Print each entry precisely; exclude the pictures.

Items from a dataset
>>>

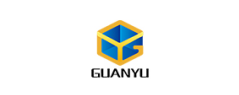 青島冠宇醫(yī)療存儲設備
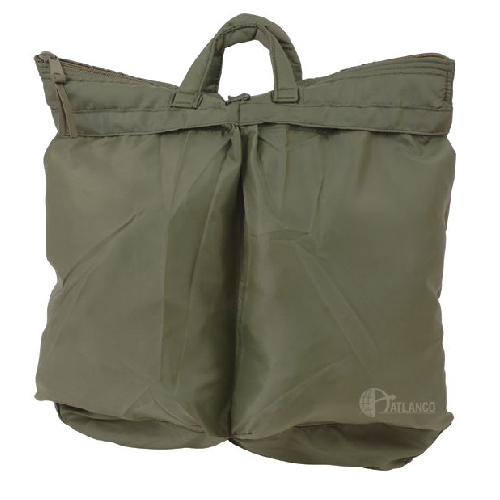 TRU-SPEC 6233000 GI Spec Military Helmet Bag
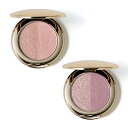 【公式】SNIDEL BEAUTY|シルキー タッチ アイズ 08〜09 |アイシャドウ アイシャドー ピンク ラベンダーピンク パール ナチュラル ギフト プ...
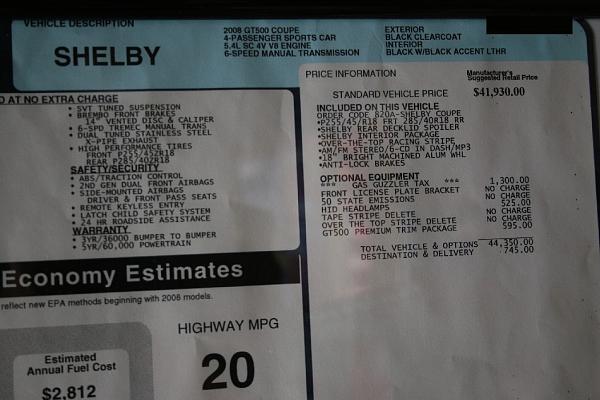 Here's how easy it would be to give the 2010 350HP-2008gt500windowsticker.jpg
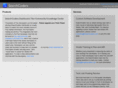 searchcoders.com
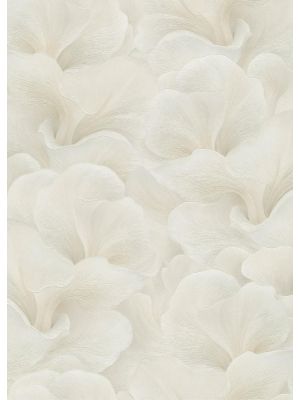 10527-02 Fashion for Walls 5 GMK Tapete iz flisa Tapetedekor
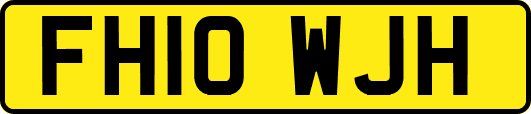 FH10WJH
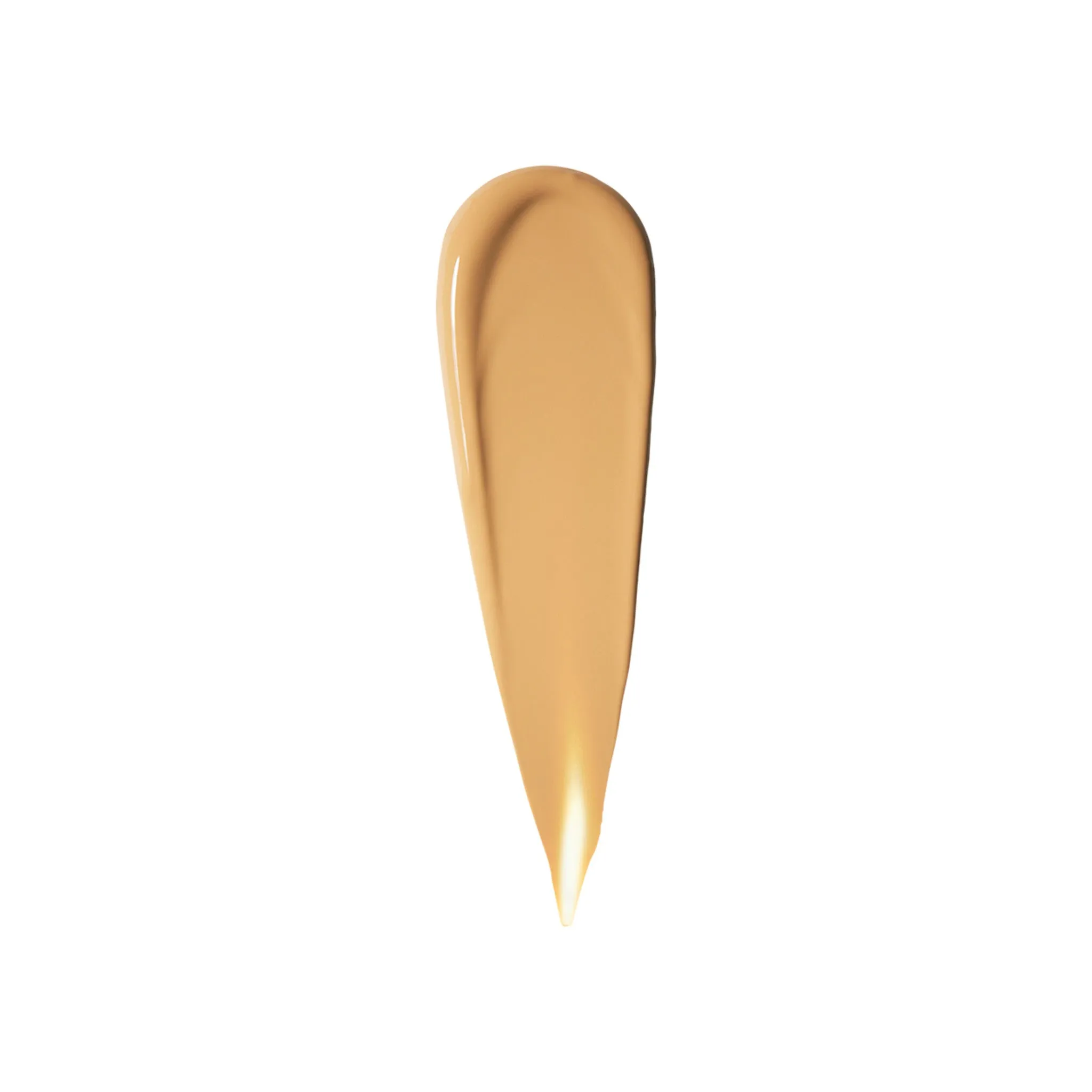Intensive Serum Foundation SPF 40/30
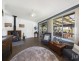 126 Harle Street, Abermain NSW 2326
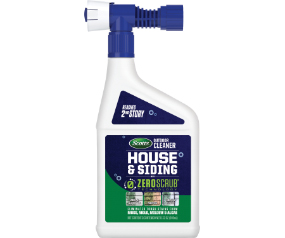 Stain Remover RTS 32Oz Outdr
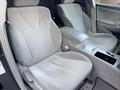 Toyota Camry 2009 года за 6 000 000 тг. в Алматы – фото 8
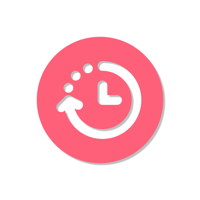 DaysCo Contador de días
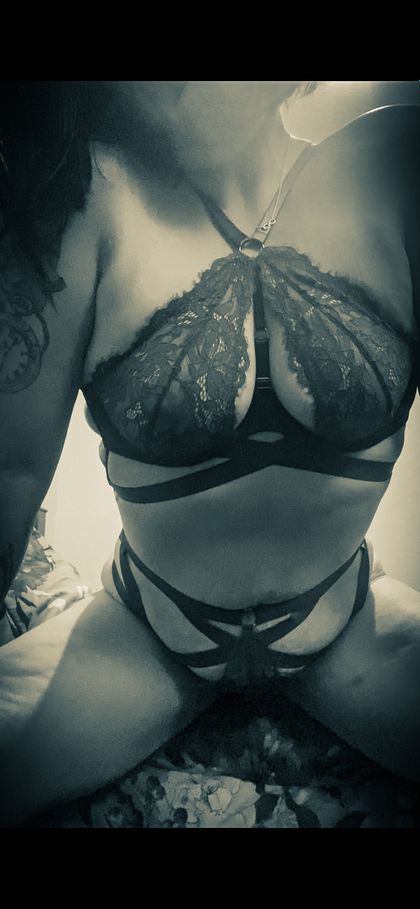 charlie_marienz OnlyFans picture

<<<

▸ **RESULT OF THE EXERCISE**:
 青島冠宇醫(yī)療存儲設備
 TRU-SPEC 6233000 GI Spec Military Helmet Bag
 【公式】SNIDEL BEAUTY|シルキー タッチ アイズ 08〜09 |アイシャドウ アイシャドー ピンク ラベンダーピンク パール ナチュラル ギフト プ...
 Here's how easy it would be to give the 2010 350HP-2008gt500windowsticker.jpg
 searchcoders.com
 10527-02 Fashion for Walls 5 GMK Tapete iz flisa Tapetedekor
 FH10WJH
Intensive Serum Foundation SPF 40/30
 126 Harle Street, Abermain NSW 2326
 Stain Remover RTS 32Oz Outdr
 Toyota Camry 2009 года за 6 000 000 тг. в Алматы – фото 8
 DaysCo Contador de días
 charlie_marienz OnlyFans picture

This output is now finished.